La lutte autour du shogunat se poursuivit néanmoins, ce pouvoir restant celui sur lequel comptaient s'appuyer ceux qui avaient pour ambition de dominer la scène politique du Kinai voire celle du pays. Le clan Miyoshi était désormais dominé par Miyoshi Nagayoshi (1522-1564), fils de Motonoga précédemment mis à mort et gouverneur de la province de Settsu, qui parvint progressivement à rétablir son influence : il vainquit en 1547 le seigneur de la guerre de la province voisine de Kawachi, Kizawa Nagamasa, puis il parvint à Kyoto et défit Hosokawa Harumoto en 1549. Ce dernier tenta avec le shogun Yoshiteru un retour trois ans plus tard, mais ils échouèrent.
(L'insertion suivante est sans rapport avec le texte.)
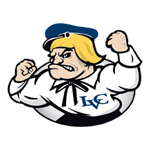 Lebanon Valley College logo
Nagayoshi était dès lors détenteur du pouvoir à Kyoto et ses alentours, où il installa ses collatéraux et vassaux, s'implantant de son côté à Iwori dans la province de Kawachi où il avait évincé ce qu'il restait du clan Hatakeyama.

Mais il délaissa à partir de 1560 les affaires politiques et militaires au profit d'un de ses vassaux, Matsunaga Hisahide (1510-1577), dont la base était située dans le Yamato qu'il avait lui-même soumis, et qui étendit à son tour son influence sur tout le Kinai. Les intrigues de Hisahide provoquèrent notamment la mort d'un des frères de Nagayoshi, peu avant le décès de ce dernier en 1564, et il entra en rivalités avec le neveu et successeur de celui-ci, Yoshitsugu, qui tentait de préserver l'influence des Miyoshi. En 1565, Hisahide provoqua le suicide du shogun Yoshiteru et intronisa Yoshihide, qui ne put même pas rentrer dans Kyoto, alors en proie à de grands troubles, marqués notamment par l'incendie du Tōdai-ji par les troupes de Hisahide qui y pourchassaient des vassaux des Miyoshi. Un autre membre des Ashikaga, Yoshiaki, avait entre temps revendiqué le poste de shogun et fait appel au principal daimyō des provinces du Tōkai, Oda Nobunaga, qui investit Kyoto en 1568, forçant Hisahide à se soumettre et le renvoyant dans son domaine du Yamato.


Entre Kinai et Kantō : Asakura, Imagawa, Oda, Saitō

Après avoir évoqué dans le paragraphe précédent les rivalités autour de la capitale (Kyoto) siège des shoguns, nous allons à présent évoquer les nombreuses rivalités entre clans rivaux dans les autres Provinces du Japon car la situation est instable de partout.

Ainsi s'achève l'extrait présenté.